SOLUTION: First of all, you need to thoroughly research a resale company before engaging their services. There are many predators out there and the very nature of timeshares lends itself to fraud. A page on the Rutgers University website has a detailed listing of resources for researching a variety of companies. Often, your local Better Business Bureau can provide information on complaints lodged against companies.
Secondly, never pay an "upfront" fee for a sale. Before dealing with a resale company, double check with your state's attorney general or department of business and professional regulation to make sure they're legitimate. If you decide to go ahead, have your lawyer look over the contract.
4. Data Breaches
PROBLEM: The aforementioned study revealed a barrage of complaints from consumers concerned with identity theft. You don't even have to be online to experience this problem, although it helps. Thieves will take snail-mail bill payments directly out of your mailbox to lift your financial information from the paperwork.
SOLUTION: When you buy or pay your bills online, look in the url bar for an "https" address to make sure the page is secure. Install quality computer-safety software to knock out spyware, viruses and other methods of downloading your financial information. If you pay bills by snail mail, deposit them directly in a mailbox, rather than leaving them for the post man to pick up. If you think you've been a victim of fraud, visit the National Consumers League's Fraud Center.
5. Fake Coupons
PROBLEM: Coupon-use is all the rage, but even Extreme Couponers can get taken in by fakes. The problem has intensified with the availability of printable coupons and services that sell coupons.

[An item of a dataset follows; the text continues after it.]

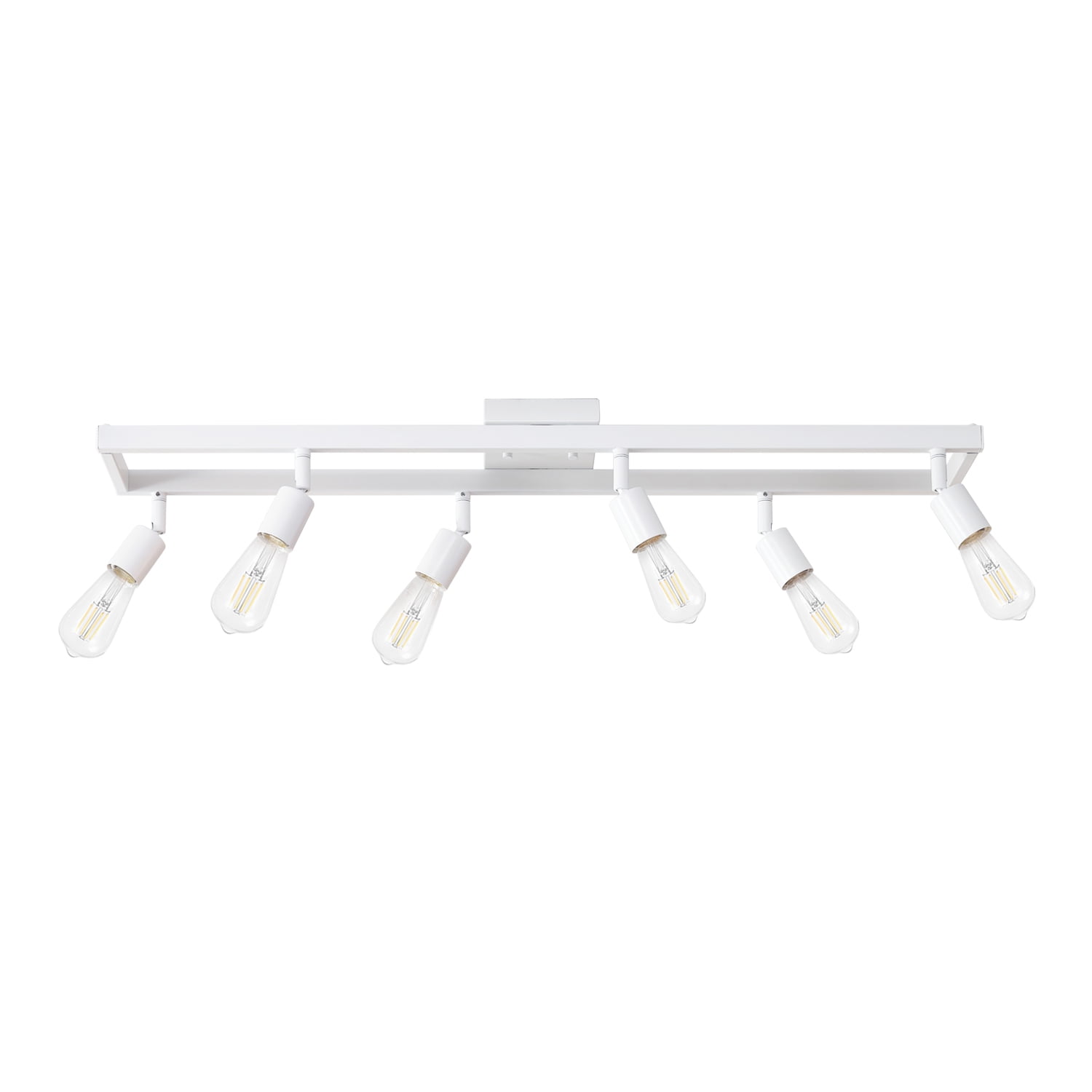 Globe Electric Farmhouse Style 36" 6-Light Matte White Track Light Pivoting Track Heads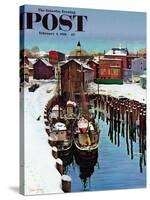 "Gloucester Harbor in Winter," Saturday Evening Post Cover, February 4, 1961-John Clymer-Stretched Canvas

SOLUTION: Naturally, I'd recommend only using printable coupons from a reputable company, like Coupon Sherpa. Look for a UPS code and expiration date as all coupons must contain this information. For more advice, check out our blog post "52 Places to Find Coupons" and heed the various warnings.
6. The Grandparent Hustle
PROBLEM: I've only noticed this con popping up in the last six months, but apparently it's been making the rounds for awhile. Con artists contact consumers via email or by phone claiming to be a relative or friend in an emergency situation and ask them to wire money. For example, they might claim to have been robbed in a foreign airport and don't have a ticket, credit card or cash. They'll request you send them money, but offer few details and won't answer your questions.
SOLUTION: Personally check with the relative or friend by calling or emailing them at the contact information you have on record. Ask them a personal question for which only they would know the answer, like where you last went out to dinner together. If they refuse to answer questions, they get no money. Common sense helps, as well. You likely know if your grandmother actually traveled to London.
7. Tax-related Schemes
PROBLEM: Consumers are receiving seemingly official letters and emails offering assistance with property-tax adjustments or other tax-related problems. Naturally, they'll help you out for a small fee.
SOLUTION: The government offers assistance in these areas at no charge, so just ignore these entreaties.
For more details, contact your local consumer agency at ConsumerAction.gov/state.